Both changes respond to recent court decisions. In Milwaukee Journal Sentinel v. City of Milwaukee, the Wisconsin Supreme Court ruled in June that the records statute did not allow custodians to charge for costs beyond those specified in the statute, for locating, reproducing and sending records.
The newly revised compliance guide states: “An authority may not charge a requester for the costs of deleting, or ‘redacting,’ nondisclosable information included in responsive records.”
Ironically, the language that prompted custodians to begin charging additional fees for this task came from a previous Supreme Court decision. In a 2002 case known as Osborn v. Board of Regents, the court noted that a custodian was “not required, by itself, to bear the cost of producing documents.” This was seized on to justify charging often hefty sums for the time spent deciding what information could legally be withheld.
The AG’s office advised against such an expansive interpretation, including in a column written by Van Hollen in March. “Although I recognize the cost and burdens of public records compliance, charging for redactions costs should not be allowed absent clear and specific direction from the Legislature,” Van Hollen wrote. His office even filed a friend of the court brief supporting the Journal Sentinel’s position.
Among those who continued to charge for redaction costs, contrary to Van Hollen’s advice, was the office of Wisconsin Gov. Scott Walker, who like Van Hollen is a Republican. Walker asserted the right to “charge the actual, necessary and direct cost of removing confidential information” from his office’s official records policy. That language has been removed from the policy, following the Supreme Court’s recent ruling.
The AG office’s public records compliance guide was last updated in August 2010. At 57 pages, not including appendices, the new guide is four pages longer and includes hyperlinks to referenced cases. The office also offers a compliance guide for the state’s Open Meetings Law, last revised in 2010. Dana Brueck, a spokeswoman for the office, says there are no immediate plans to update the meetings guide, given that “there haven’t been any significant changes in the law.”
Besides the redaction fee issue, the new records guide adds language regarding the responsibility of custodians to provide records produced by contractors hired to perform government functions. It cites a 2011 appellate court decision, Juneau Co. Star-Times v. Juneau Co., which stated that custodians must disclose any record “collected under a contract entered into by the authority with a person other than an authority to the same extent as if the record were maintained by the authority.”
Interestingly, that decision is now under review by the Wisconsin Supreme Court.

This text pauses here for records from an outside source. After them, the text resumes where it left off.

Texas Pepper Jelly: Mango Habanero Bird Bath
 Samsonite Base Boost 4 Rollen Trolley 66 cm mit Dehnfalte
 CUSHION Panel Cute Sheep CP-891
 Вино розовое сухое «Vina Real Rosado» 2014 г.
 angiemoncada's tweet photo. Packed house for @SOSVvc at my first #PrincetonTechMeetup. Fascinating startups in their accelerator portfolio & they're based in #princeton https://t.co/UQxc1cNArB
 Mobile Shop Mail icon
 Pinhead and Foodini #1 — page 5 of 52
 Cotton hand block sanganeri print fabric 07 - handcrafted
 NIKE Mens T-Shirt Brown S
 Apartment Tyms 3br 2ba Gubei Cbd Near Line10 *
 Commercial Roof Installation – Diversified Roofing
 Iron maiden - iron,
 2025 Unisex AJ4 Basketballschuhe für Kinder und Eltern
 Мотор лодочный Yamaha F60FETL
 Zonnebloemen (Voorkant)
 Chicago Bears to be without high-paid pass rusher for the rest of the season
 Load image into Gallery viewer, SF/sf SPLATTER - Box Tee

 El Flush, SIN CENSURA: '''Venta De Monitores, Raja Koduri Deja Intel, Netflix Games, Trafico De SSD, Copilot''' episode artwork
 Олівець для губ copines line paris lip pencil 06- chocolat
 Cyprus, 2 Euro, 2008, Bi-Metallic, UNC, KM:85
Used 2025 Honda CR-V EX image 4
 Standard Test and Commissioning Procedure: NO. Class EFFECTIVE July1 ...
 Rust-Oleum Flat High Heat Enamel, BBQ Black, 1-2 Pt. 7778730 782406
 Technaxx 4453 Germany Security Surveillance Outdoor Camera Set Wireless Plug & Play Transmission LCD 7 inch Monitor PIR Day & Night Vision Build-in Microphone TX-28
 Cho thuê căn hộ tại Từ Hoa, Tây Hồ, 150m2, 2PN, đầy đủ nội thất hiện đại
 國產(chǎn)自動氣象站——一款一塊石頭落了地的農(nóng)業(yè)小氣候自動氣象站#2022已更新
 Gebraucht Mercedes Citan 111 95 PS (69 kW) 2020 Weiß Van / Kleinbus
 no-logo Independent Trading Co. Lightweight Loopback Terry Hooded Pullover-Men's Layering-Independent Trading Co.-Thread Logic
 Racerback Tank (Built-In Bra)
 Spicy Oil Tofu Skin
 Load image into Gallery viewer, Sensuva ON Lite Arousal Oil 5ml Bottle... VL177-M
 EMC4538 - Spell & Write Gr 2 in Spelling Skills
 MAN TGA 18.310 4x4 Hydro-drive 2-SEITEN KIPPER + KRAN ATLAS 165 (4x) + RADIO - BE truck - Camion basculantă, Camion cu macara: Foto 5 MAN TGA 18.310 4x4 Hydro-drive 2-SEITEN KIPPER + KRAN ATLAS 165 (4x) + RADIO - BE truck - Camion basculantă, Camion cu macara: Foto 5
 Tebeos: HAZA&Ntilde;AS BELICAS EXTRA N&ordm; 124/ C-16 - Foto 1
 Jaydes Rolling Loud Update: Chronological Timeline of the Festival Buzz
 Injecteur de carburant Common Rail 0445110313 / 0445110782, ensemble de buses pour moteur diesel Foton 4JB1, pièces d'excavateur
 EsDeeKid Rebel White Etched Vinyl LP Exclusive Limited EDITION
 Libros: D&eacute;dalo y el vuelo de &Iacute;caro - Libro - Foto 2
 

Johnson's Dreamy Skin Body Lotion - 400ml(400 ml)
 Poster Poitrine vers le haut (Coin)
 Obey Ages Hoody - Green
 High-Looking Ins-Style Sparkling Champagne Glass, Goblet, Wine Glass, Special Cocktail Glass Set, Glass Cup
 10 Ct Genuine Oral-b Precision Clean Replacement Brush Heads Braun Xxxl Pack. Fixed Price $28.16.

At issue is the language in the statute, at 19.36(3), regarding “any record produced or collected under a contract.” The dispute is over whether this should include records produced by a subcontractor — in this case, a law firm hired by an insurance company that represents Juneau County.
In oral arguments held Sept. 5, Bryan Kleinmaier, the county’s attorney, argued that only contractors’ records “generated under a contract to which the county is a party” are subject to disclosure. But attorney Christa Westerberg, representing the Juneau County Star-Times, said the records were subject to release because they were collected by the insurer, as part of its representation of the county.
(Westerberg serves as pro bono legal counsel to the Wisconsin Center for Investigative Journalism and is vice president of the Wisconsin Freedom of Information Council, which filed an amicus brief in the case, along with the Wisconsin Newspaper Association and Wisconsin Broadcasters Association.)
Repeated references were made during this hearing to language included in the public records compliance guide produced by the Attorney General’s office. The guide, in both its 2010 and current version, states that “access to contractors’ records does not extend to information produced or collected under a subcontract to which the authority is not a party, unless the information is required by or provided to the authority under the general contract to which the authority is a party.”
The meaning of this language, and its application to the case under review, was also in dispute.